Barbaro has two casts changed

Richardson pleased with what he sees


KENNETT SQUARE, PA. -- Dr. Dean Richardson, chief of surgery at the University of Pennsylvania's New Bolton Center, said yesterday that he changed Barbaro's two casts Monday afternoon and was pleased with what he saw.

"We changed his right hind leg cast to take new radiographs and to examine the incision," Richardson said in a news release. "The radiographs looked good; the plates we placed on July 8 to fuse the pastern are intact, and the fetlock fusion is unchanged. The leg and the incision looked as good as we could have hoped."

The right leg cast, which covers the horse's leg from his foot to just below his hock, supports the leg he shattered in the Preakness on May 20.

The modified foot cast on his left foot and ankle acts like a stiff bandage. It, too, was changed, and Richardson said it will be changed often so that the hoof can be treated.

Richardson said Barbaro, the Kentucky Derby winner, remained in stable condition with good vital signs after a restful night.

All of which was good news to those closest to Barbaro. Assistant trainer Peter Brette, who rode Barbaro every day during his training sessions and visits as often as possible -- about every other day -- said: "If he has a good night, we have a good day."

Both cast changes were performed with Barbaro lightly sedated in a sling, to which he has adapted very well.

"He is a very intelligent horse," Richardson said.

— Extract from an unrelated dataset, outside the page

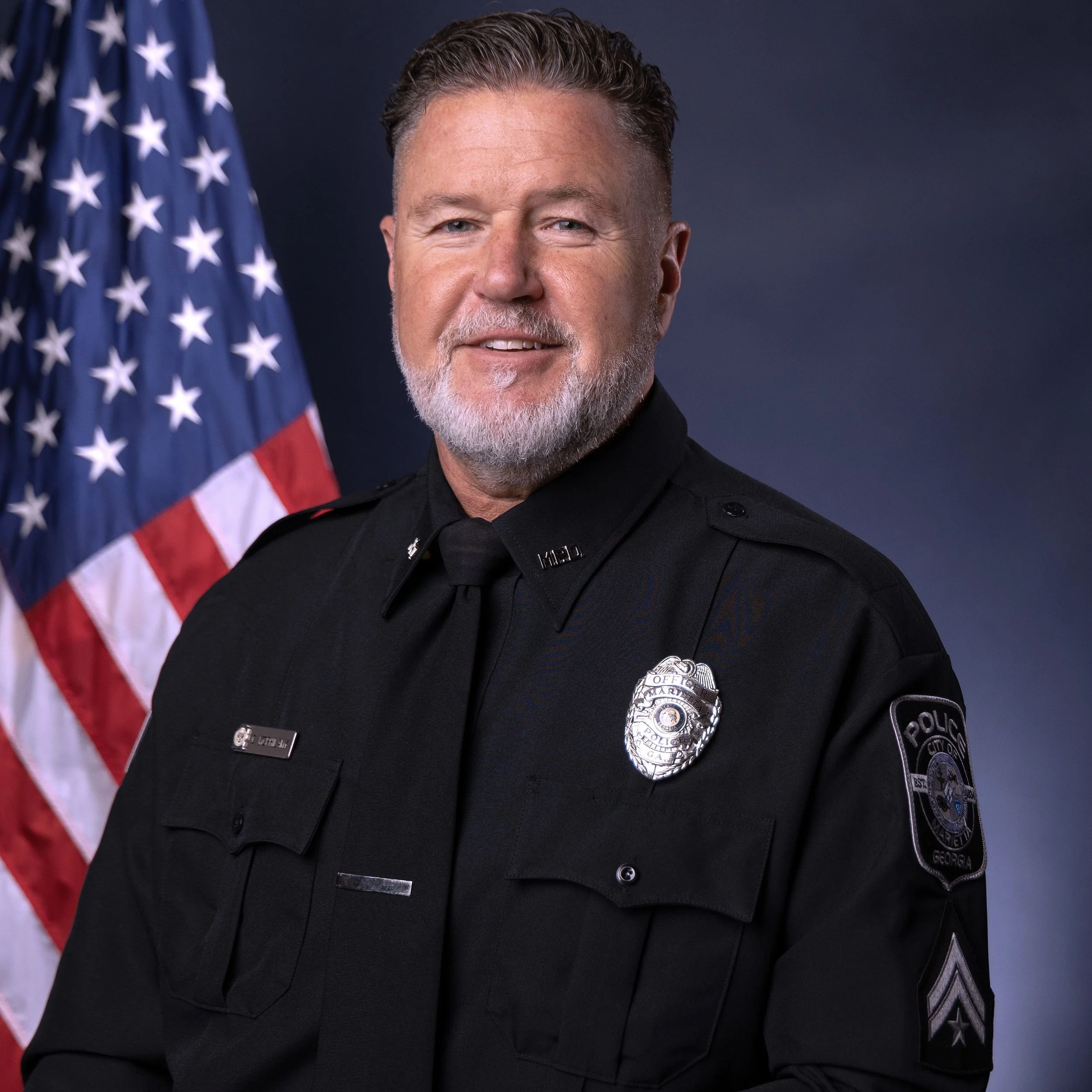 Close-up of a male police officer with gray beard and short hair, wearing a black police uniform with a badge, standing in front of an American flag.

And that assessment comes as no surprise to Brette, who visited him Sunday and yesterday, but the assistant trainer said the horse's determination is another story.

"It's the first time I've seen a horse treated in a harness," Brette said. "But he's just adjusted to everything they've ever done to him. What he's been through the last eight weeks, it would have been the end of us and of most horses. I think he's surprised everyone by how tough he is."

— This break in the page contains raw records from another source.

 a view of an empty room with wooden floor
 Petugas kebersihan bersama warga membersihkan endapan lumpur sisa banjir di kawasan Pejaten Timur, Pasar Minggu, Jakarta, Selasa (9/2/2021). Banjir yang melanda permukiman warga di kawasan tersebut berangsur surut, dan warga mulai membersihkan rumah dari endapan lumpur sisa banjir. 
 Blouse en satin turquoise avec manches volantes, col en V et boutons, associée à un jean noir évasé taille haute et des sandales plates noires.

That toughness, along with his racing success, has earned Barbaro the love and admiration of people around the world, and many of them have been demonstrating their feelings with gifts and donations.

At the Fair Hill Training Center, about 30 miles from here in Maryland, where Barbaro was based during his racing career, the staff has received numerous phone calls from people wanting to know how to send gifts and donations in support of the horse.

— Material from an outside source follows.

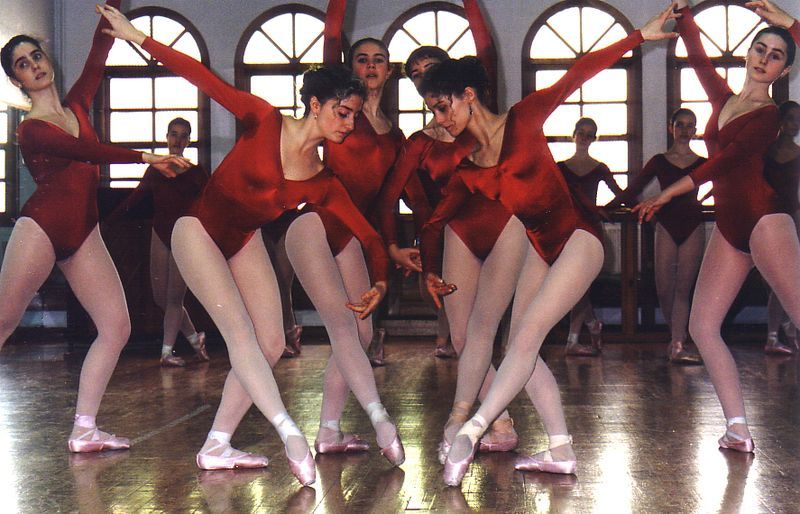 Un grupo de mujeres con leotardos rojos y zapatos rosas están bailando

"We've been bombarded," said Kathy Rengert, a blood stock agent who is a friend of Barbaro's owners, Roy and Gretchen Jackson, who remain in daily contact with the New Bolton Center while on vacation, visiting family in Africa.

"People want to send things to Barbaro," Rengert said. "Lately, I've been telling them Barbaro's connections have lots of money. If you want to help someone in racing, donate to the fund for trainer Mike Rea, who had a terrible accident here."

Rea, the father of three young children and a trainer at Fair Hill, suffered a severe brain injury June 16, when he and his horse fell during a training session. He was helicoptered to Maryland Shock Trauma Center and then, three weeks later, transferred to Kernan Hospital, where he is expected to be in recovery and disabled for at least a year.

His friends have set up the Mike Rea Recovery Relief Fund to help with medical and primary family needs.

"The Jacksons are billionaires," said Sheila Barndollar, who set up a fundraising raffle for a Ford Mustang to benefit Rea. "We're not worried about Barbaro. I'm a trainer and I know how people feel about horses, but this is a chance to help someone who really needs it. We're just trying to make sure his family is taken care of and that they don't lose their house."

Donations to the fund can be made in a variety of ways: by mail to the Fair Hill Training Center (c/o manager Sally Goswell, 719 Training Center Dr., Elkton, MD 21921) or to the Maryland Thoroughbred Horsemen's Association (6314 Windsor Mill Road, Baltimore, MD 21207) or at any Wachovia Bank branch.

Rea, like Barbaro, also is making progress in his recovery, and that doesn't surprise his friends either.

"I know Mike," Barndollar said. "He's a fighter."